▶ ACTIVITY
Copy the data. Keep every character as given.

▶ DATA SECTION
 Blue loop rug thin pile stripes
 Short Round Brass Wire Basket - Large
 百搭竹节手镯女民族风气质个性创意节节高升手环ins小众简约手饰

▶ WRITTEN RESPONSE
 Blue loop rug thin pile stripes
 Short Round Brass Wire Basket - Large
 百搭竹节手镯女民族风气质个性创意节节高升手环ins小众简约手饰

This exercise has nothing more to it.